* [Task statement]: Using the listing below, please print exactly the lines from the one with "Ciotola decorativa in" through the one with "EMME Muslin Throw". Leave out every picture.

Start of Information shown

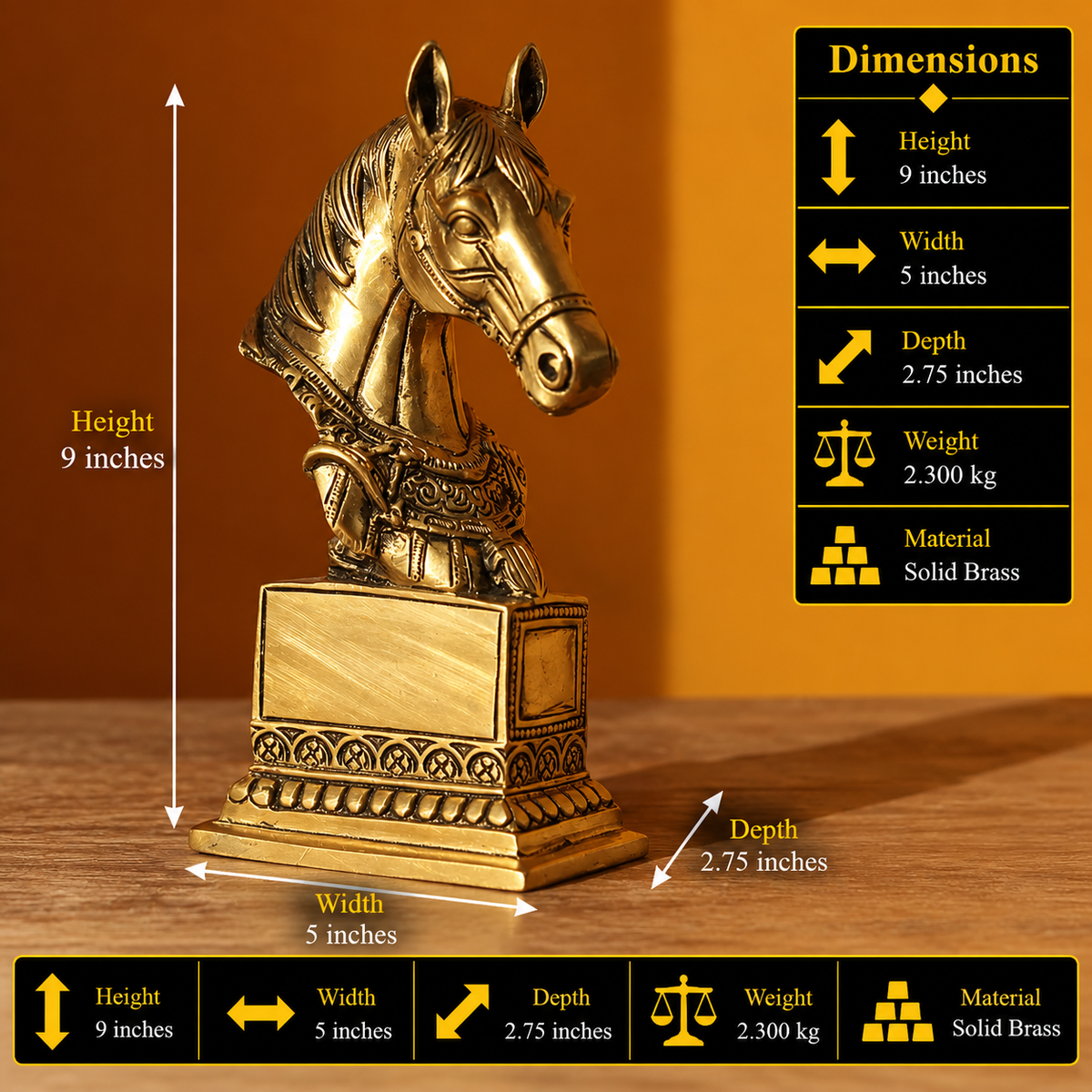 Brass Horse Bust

End of Information shown
Start of Information shown

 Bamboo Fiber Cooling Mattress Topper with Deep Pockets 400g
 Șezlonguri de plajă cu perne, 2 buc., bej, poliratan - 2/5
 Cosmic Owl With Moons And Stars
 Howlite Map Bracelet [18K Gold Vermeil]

End of Information shown
Start of Information shown

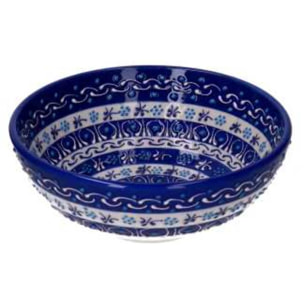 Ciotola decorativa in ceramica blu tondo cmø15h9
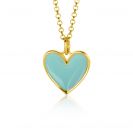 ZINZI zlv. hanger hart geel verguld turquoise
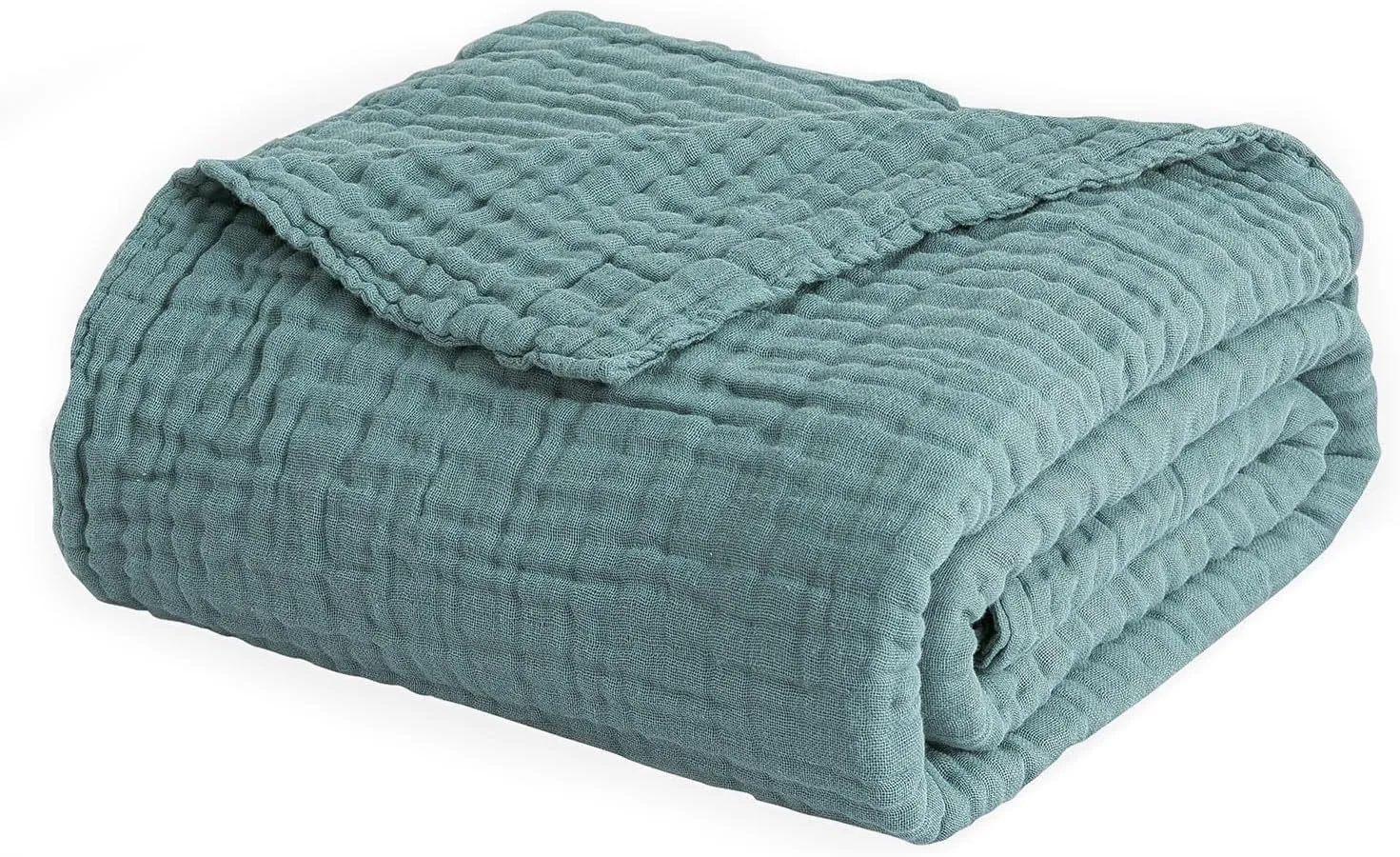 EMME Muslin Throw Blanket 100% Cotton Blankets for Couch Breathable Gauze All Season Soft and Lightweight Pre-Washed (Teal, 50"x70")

End of Information shown

* [Worked solution]:
 Ciotola decorativa in ceramica blu tondo cmø15h9
 ZINZI zlv. hanger hart geel verguld turquoise
 EMME Muslin Throw Blanket 100% Cotton Blankets for Couch Breathable Gauze All Season Soft and Lightweight Pre-Washed (Teal, 50"x70")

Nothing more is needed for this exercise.